Supporting people to live healthier lives
People were supported to manage their health and wellbeing. Where necessary staff liaised with healthcare staff and other professionals to support people’s well- being.
Staff told us they reported any concerns about people’s health needs to the relevant people, such as district nurses. Care plans included information about supporting people’s health needs. Staff gave us examples of where they had worked with occupational therapists and physiotherapists to support people’s mobility needs. Any concerns about medication administration were referred to the GP or pharmacy.
Systems were in place to help staff to support people to keep well. Their health needs were included within their assessments and care plans. These included information about how to support people with any risks related to their health. The service kept records of the care and support provided and when health professionals had been contacted or advice given.
Monitoring and improving outcomes
Some people were unclear as to whether the provider undertook routine reviews of their care. Comments included, “I don’t think we have a care plan but there’s a book. I don’t know who would do a review” and “I’ve had the provider come out with staff but not had a review of discussion about the care plan.” However, other feedback indicated people felt able to raise any issues and that staff monitored their support. They said, “They listen to me and take my words on; they try their very best and I have seen improvements” and “They are constantly reviewing things.”

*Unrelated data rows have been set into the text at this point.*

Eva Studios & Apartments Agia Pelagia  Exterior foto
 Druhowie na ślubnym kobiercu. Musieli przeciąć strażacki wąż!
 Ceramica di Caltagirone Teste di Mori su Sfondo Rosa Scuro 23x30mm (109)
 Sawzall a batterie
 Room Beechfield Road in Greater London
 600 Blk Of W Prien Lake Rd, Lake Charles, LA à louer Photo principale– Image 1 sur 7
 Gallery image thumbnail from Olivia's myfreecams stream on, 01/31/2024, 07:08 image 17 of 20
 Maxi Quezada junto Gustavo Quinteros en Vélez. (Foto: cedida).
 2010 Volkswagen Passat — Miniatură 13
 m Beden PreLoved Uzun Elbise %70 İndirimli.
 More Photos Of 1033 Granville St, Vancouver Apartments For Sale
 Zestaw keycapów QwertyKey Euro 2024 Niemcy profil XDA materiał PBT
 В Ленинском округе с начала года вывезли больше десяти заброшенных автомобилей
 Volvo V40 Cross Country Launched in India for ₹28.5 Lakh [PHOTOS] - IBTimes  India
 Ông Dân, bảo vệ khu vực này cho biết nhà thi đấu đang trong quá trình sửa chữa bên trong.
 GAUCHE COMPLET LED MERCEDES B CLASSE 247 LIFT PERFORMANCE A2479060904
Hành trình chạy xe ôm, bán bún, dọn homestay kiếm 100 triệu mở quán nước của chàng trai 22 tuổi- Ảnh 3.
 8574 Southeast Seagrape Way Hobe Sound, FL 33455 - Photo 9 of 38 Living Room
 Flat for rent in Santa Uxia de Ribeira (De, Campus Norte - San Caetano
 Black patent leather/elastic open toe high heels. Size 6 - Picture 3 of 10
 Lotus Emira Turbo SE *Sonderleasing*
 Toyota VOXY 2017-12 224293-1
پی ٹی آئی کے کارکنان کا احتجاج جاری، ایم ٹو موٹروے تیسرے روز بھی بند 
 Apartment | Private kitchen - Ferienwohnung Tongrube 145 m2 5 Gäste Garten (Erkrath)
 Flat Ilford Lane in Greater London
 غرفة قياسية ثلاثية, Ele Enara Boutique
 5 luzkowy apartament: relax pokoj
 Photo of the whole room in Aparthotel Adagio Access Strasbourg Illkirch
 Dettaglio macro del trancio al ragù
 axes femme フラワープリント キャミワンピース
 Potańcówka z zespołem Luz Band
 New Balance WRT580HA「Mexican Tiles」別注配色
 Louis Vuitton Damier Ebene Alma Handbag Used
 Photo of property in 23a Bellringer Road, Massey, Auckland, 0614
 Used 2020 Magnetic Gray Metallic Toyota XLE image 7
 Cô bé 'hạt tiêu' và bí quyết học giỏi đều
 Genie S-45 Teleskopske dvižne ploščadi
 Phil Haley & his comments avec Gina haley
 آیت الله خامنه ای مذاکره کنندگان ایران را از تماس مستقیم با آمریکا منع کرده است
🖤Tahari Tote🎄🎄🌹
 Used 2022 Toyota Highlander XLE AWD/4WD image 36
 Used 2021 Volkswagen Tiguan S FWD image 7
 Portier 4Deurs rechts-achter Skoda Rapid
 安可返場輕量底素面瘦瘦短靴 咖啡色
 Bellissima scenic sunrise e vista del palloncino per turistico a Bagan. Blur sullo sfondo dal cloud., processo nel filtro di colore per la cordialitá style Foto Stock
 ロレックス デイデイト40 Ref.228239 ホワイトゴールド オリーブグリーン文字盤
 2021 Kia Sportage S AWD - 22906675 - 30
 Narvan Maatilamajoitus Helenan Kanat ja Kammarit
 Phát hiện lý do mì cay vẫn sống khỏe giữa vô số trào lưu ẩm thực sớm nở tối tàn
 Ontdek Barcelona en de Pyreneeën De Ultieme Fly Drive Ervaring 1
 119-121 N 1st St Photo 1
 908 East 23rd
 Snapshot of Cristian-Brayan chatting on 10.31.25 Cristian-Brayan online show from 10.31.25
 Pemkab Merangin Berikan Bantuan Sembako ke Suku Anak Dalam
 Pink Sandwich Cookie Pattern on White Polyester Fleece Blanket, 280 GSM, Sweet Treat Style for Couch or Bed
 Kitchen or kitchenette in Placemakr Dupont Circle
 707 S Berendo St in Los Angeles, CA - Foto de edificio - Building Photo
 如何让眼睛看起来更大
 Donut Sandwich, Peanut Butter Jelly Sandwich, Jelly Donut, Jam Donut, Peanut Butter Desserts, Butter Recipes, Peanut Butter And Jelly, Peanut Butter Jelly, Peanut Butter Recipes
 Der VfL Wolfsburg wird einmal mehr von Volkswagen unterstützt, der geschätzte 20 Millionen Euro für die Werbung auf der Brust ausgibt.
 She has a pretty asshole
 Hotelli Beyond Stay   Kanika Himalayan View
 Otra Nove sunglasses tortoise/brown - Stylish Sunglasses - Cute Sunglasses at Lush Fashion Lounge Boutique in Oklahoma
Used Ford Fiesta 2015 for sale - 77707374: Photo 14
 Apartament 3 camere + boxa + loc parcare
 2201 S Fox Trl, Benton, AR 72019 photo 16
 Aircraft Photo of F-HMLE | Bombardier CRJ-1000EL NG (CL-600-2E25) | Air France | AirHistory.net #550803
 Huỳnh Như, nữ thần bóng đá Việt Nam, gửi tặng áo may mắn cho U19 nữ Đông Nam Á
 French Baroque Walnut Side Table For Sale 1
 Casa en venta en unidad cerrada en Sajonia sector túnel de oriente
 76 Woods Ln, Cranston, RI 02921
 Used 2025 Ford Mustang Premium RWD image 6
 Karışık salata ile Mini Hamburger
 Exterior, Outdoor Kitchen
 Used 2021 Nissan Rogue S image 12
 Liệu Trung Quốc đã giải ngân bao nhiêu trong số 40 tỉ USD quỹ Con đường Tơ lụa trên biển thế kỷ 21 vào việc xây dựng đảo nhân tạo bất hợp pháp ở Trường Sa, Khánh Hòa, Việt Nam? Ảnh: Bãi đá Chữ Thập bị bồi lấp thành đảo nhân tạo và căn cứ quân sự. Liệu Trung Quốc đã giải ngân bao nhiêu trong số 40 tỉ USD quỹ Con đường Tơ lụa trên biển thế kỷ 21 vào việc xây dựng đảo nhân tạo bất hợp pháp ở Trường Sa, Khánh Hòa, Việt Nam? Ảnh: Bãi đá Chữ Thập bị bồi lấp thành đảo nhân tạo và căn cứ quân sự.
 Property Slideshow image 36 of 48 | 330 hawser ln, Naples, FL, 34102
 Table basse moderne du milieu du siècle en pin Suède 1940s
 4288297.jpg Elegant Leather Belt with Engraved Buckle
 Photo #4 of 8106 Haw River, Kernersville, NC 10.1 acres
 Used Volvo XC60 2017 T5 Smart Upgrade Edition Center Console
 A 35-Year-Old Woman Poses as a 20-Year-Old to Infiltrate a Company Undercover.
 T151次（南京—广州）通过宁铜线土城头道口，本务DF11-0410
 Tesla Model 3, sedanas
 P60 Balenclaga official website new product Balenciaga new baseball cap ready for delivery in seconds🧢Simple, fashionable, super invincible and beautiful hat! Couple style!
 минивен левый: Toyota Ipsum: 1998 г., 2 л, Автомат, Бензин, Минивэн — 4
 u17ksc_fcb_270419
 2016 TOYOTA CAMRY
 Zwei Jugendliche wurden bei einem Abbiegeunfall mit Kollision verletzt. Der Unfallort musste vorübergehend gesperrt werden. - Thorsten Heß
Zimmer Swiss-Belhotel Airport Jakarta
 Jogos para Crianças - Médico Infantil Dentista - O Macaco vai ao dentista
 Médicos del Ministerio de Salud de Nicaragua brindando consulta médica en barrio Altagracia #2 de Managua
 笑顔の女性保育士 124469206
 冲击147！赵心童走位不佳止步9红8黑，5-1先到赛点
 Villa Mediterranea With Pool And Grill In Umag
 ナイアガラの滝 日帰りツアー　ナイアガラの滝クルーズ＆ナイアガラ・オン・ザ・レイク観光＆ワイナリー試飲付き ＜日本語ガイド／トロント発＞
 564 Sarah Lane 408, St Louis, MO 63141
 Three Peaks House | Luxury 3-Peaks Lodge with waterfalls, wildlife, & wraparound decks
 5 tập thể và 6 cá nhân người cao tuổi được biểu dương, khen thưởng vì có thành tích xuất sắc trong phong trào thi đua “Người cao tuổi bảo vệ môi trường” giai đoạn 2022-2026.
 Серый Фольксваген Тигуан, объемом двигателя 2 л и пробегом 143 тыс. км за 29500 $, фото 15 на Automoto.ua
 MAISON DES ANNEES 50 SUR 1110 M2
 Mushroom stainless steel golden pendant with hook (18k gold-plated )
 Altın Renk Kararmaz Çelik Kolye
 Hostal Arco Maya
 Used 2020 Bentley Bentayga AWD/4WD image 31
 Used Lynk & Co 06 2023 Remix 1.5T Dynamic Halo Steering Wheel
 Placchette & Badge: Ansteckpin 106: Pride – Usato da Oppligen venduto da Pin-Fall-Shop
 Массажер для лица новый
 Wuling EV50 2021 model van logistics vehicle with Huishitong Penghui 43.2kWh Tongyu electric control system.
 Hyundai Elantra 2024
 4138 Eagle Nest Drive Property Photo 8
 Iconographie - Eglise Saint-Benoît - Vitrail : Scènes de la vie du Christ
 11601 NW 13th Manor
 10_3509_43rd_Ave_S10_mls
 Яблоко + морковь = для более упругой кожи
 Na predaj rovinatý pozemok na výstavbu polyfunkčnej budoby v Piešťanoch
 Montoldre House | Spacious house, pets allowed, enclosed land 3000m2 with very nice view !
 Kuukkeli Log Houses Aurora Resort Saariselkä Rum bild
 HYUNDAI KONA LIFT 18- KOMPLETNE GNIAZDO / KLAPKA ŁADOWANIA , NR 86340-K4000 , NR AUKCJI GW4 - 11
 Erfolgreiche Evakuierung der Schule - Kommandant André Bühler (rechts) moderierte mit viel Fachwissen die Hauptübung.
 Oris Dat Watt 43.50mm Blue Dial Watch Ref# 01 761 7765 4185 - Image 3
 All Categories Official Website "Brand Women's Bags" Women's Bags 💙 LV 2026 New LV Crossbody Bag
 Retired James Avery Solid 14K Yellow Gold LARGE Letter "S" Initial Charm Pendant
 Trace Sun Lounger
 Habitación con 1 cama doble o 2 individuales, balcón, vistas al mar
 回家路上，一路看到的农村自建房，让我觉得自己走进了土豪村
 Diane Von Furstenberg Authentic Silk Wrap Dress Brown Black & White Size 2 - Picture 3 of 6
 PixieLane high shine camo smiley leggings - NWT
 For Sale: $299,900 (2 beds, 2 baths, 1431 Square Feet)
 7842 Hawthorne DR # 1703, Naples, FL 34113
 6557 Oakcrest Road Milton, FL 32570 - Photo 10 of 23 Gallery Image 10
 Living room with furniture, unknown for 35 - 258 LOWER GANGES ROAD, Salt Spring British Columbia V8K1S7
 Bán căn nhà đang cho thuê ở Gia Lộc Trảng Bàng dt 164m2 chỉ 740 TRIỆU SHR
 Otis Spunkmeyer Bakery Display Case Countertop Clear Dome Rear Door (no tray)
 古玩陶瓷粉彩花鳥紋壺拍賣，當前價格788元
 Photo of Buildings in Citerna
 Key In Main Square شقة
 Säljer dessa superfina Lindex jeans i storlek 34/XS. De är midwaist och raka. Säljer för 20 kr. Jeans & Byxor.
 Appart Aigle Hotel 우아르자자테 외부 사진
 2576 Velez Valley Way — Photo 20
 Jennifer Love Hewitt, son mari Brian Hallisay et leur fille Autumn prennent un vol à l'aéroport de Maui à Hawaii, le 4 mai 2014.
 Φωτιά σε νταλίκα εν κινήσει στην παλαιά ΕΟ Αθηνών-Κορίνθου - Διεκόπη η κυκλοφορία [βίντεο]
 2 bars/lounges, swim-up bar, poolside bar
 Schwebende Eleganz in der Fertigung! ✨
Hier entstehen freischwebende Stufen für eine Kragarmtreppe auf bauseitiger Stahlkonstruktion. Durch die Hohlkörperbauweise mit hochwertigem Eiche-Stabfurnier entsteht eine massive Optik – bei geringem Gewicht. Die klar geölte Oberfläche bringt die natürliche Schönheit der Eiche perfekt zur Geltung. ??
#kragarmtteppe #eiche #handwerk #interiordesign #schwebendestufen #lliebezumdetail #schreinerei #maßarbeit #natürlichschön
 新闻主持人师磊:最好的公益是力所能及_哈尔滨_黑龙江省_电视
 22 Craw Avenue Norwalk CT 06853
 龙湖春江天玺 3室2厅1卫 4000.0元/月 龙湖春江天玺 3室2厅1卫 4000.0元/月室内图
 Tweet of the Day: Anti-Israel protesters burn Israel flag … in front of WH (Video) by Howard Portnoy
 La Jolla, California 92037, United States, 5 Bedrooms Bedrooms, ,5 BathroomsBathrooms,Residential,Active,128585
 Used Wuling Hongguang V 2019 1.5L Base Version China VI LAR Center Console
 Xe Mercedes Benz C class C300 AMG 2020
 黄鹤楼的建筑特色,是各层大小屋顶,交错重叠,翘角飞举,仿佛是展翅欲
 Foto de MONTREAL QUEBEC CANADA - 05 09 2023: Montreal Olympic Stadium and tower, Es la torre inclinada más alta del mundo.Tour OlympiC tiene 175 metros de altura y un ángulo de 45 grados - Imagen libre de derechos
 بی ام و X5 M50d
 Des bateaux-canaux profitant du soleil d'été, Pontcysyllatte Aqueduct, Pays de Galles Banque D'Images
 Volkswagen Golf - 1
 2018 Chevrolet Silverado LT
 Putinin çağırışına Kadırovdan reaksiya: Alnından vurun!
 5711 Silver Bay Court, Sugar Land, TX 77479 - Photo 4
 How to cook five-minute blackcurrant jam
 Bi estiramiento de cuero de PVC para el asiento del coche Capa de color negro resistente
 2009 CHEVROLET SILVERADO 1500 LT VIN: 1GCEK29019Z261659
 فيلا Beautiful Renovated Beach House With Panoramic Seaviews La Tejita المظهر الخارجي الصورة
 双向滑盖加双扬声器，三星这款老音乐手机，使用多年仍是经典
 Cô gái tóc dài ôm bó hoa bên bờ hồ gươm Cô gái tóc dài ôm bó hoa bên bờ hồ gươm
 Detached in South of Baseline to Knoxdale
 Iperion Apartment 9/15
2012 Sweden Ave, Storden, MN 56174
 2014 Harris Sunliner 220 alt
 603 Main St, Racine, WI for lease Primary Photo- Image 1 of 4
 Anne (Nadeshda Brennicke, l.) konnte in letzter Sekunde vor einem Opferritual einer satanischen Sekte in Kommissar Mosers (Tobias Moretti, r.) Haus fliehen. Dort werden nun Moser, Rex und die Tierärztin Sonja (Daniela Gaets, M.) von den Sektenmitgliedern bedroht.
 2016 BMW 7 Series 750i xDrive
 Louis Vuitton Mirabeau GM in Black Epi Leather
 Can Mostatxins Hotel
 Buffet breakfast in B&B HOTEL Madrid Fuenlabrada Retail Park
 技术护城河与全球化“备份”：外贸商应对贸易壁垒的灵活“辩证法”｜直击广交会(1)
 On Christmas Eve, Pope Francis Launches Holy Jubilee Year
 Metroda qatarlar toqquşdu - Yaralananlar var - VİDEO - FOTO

Staff monitored and recorded information about people care needs and the care they provided. They told us they would raise or report any concerns should they need to. Staff gave us examples where they had identified issues and shared them with managers for further review. A staff member said, “You can raise a concern about a person through the app.”
The provider had made improvements to ensure systems in place to monitor outcomes for people were fully embedded. Care plans were reviewed and amended if people’s needs changed. There was a system in place to monitor when reviews had been carried out. Calls to people to seek feedback were undertaken on a monthly basis. Annual surveys were also undertaken.
Consent to care and treatment
Overall, people told us staff respected their rights and sought consent to provide care. They said, “Yes, I’m able to tell them what I need”; “They don’t do anything they’re not supposed to do, they are friendly” and “They’re respectful and kind.”
Staff were aware of the importance of seeking consent to provide care and respecting people’s wishes. They told us, “The first thing you do, you have to gain consent” and “Every day I will introduce myself. Will explain what I'm going to do. Ask their permission for any personal care, as they have a right to refuse”. Staff recorded where people's relatives held Lasting Power of Attorney and ensured these were registered if in use. The registered manager understood their duty to protect people’s rights and obtain consent where possible.
Processes were in place to ensure people's rights and wishes were respected. The provider had introduced a consent to care form which staff discussed with the person, during the assessment stage, prior to any care being provided. of the assessment process. Within the assessment process, staff considered if there were any potential restrictions in place and if so whether the person was able to consent to these. There were capacity assessments available for use, if staff had concerns about a person's capacity to make a decision. Staff undertook training and completed a workbook in relation to The Mental Capacity Act 2005. In one case, there was some contradictory information, as a person's assessment stated they did not have capacity to decide on their health and wellbeing, but they had signed a consent form. The registered manager reviewed this and confirmed this had been an administrative error. They also completed a capacity assessment to clarify and amended the records accordingly.